Around 500 activists participated in the group’s annual mission to Washington, which was conducted virtually, and included meetings with 67 of the 100 members of the Senate. 

Issues on the group’s agenda included supporting the scheduled $3.8 billion in aid set to be provided to Israel in 2023 under the 2016 Memorandum of Understanding, nuclear negotiations with Iran and specific bills aimed at countering the proliferation of Iranian drones, blocking U.S. funding from supporting the U.N.’s Commission of Inquiry investigating Israel and investigating the content of United Nations Relief and Works Agency’s (UNRWA) educational materials.

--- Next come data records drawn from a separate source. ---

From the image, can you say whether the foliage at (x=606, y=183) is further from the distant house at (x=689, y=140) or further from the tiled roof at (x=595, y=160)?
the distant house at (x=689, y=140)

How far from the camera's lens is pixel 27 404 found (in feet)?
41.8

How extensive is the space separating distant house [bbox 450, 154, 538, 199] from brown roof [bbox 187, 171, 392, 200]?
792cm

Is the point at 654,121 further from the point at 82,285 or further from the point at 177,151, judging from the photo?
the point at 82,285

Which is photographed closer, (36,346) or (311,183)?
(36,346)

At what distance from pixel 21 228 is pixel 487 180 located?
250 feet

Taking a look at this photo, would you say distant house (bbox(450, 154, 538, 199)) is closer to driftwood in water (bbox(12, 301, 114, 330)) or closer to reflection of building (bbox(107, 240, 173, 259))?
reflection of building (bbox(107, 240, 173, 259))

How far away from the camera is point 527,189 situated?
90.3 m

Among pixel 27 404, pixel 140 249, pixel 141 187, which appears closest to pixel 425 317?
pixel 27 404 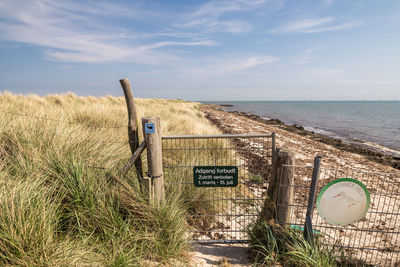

“A lot of the [Senate] offices weren’t aware of some of these bills and some of them just came to their attention… a lot of offices learned about the two or three House bills that I named as well,” Avi Schranz, NORPAC’s executive director, told Jewish Insider. “Some just hadn’t had the time to sign on to [the Iranian drone or U.N. bills] but told us they would get on that as soon as they could, so it was good to hear that.”

Regarding Iran, talking points distributed to NORPAC activists warn that “with a nuclear weapon, it can do in twelve minutes to nine million Israelis what Hitler did in twelve years to six million Jews.” They also call for a more comprehensive nuclear agreement involving a permanent block on Iran’s nuclear ambitions, which also includes provisions combating regional aggression and Iranian ballistic missiles and preserves non-nuclear sanctions.

“As Congress oversees those negotiations and reviews any resulting agreement, it is important to focus on the shortcomings of the previous deal,” the talking points read.

The talking points also connect antisemitic and anti-Israel material in UNRWA materials to last month’s event’s violence at the Al Aqsa Mosque.

“Just last month, we saw the consequences of such incitement when hundreds of Palestinian youths threw stones and set off fireworks on the Temple Mount in their efforts to block Jews from visiting,” the talking points read.